Implement a basic calculator to evaluate a simple expression string.
The expression string may contain open ( and closing parentheses ), the plus + or minus sign -, non-negative integers and empty spaces .

You may assume that the given expression is always valid.

Some examples:

"1 + 1" = 2
" 2-1 + 2 " = 3
"(1+(4+5+2)-3)+(6+8)" = 23

Note: Do not use the eval built-in library function.

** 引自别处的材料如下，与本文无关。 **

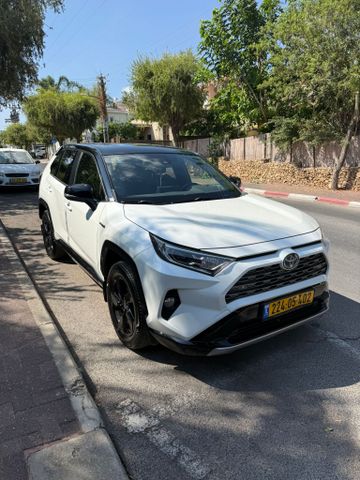 טויוטה RAV4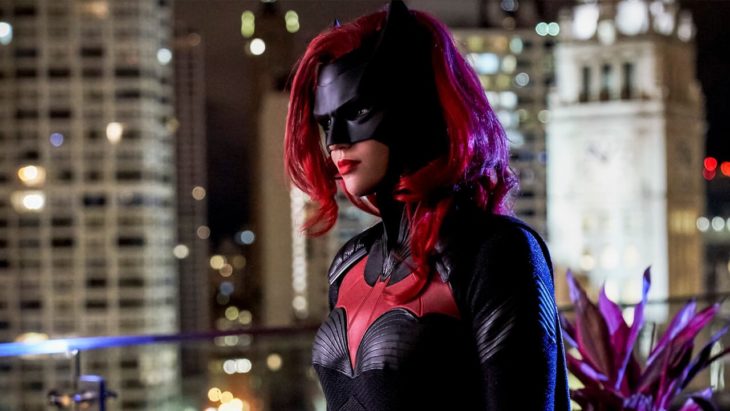 Batwoman con su traje y máscara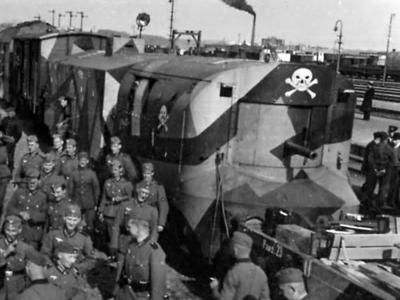 Panzerzug with Totenkopf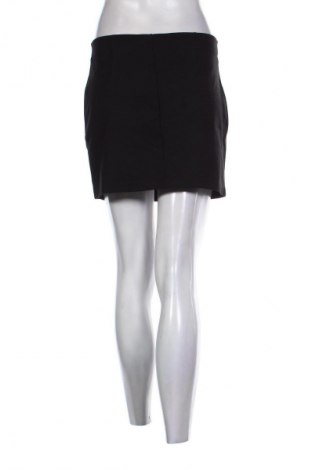 Пола Stradivarius, Размер M, Цвят Черен, Цена 2,04 €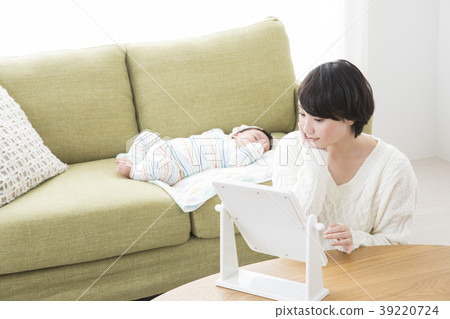 Baby and Mom 39220724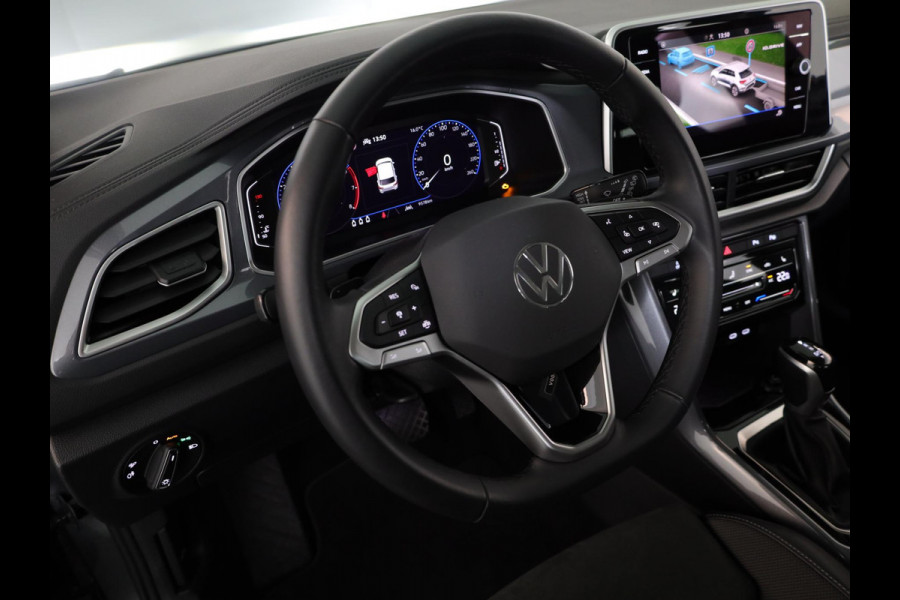 Volkswagen T-Roc 1.5 TSI Style 150 PK DSG | Trekhaak afneembaar | Navigatie | Stoel verwarming en massage | Alcantara |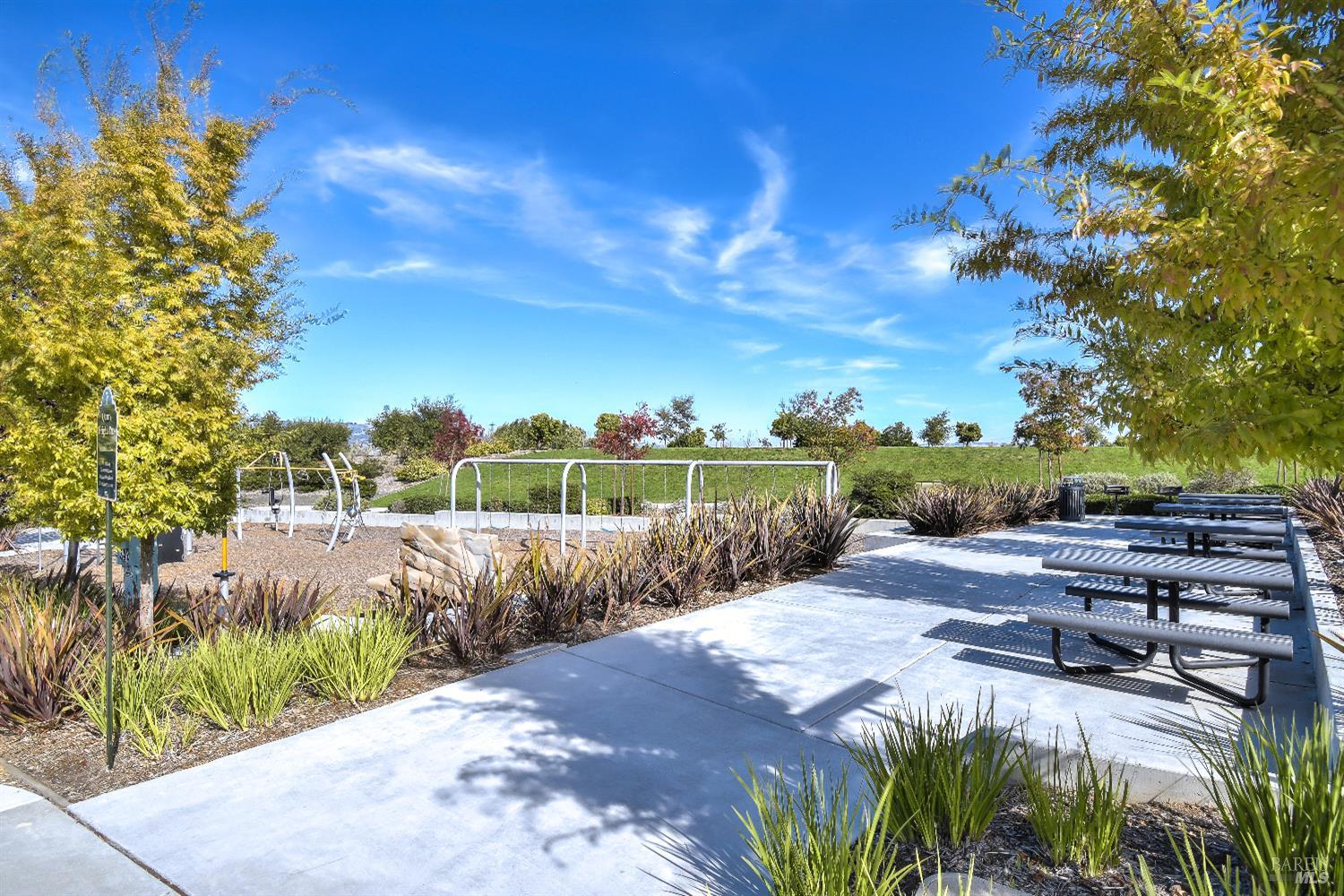 Detail Gallery Image 49 of 64 For 530 Jade St, Petaluma,  CA 94952 - 2 Beds | 2/1 Baths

題目中只有+ - ( )。遍歷字符串，對于每個字符c：

• 如果是數字，則一直遍歷到非數字字符，把數字找出，并與結果相加
• 如果是+-符號，將sign設置成對應的值
• 如果是(，將rt和sign壓入棧中，重置rt和sign
• 如果是)，將sign和rt彈出棧，并計算結果

    /**
     * 計算帶括號的string的值
     * @param s
     * @return
     */
    public int calculate(String s) {
        if(s==null){
            throw  new IllegalArgumentException();
        }

        int res=0; //結果值
        int flag=1; //記錄前面的符號，加為1，減為-1

        Stack<Integer> stack=new Stack<>(); 

        for (int i=0;i<s.length();i++){
            char c=s.charAt(i);
            int val=0;
            if(Character.isDigit(c)){
                val=c-'0';
                while (i+1<s.length() && Character.isDigit(s.charAt(i+1))){
                    val=val*10+s.charAt(++i)-'0';
                }

                res+=flag*val;
            }
            else if(c=='+'){
                flag=1;
            }else if(c=='-'){
                flag=-1;
            }else if(c=='('){
                  //遇到括號先壓棧結果，再壓棧符號
                stack.push(res);
                stack.push(flag);
                res=0;
                flag=1;
            }else if(c==')'){
                res=res*stack.pop()+stack.pop();
            }
        }
        System.out.print(res);
        return res;
    }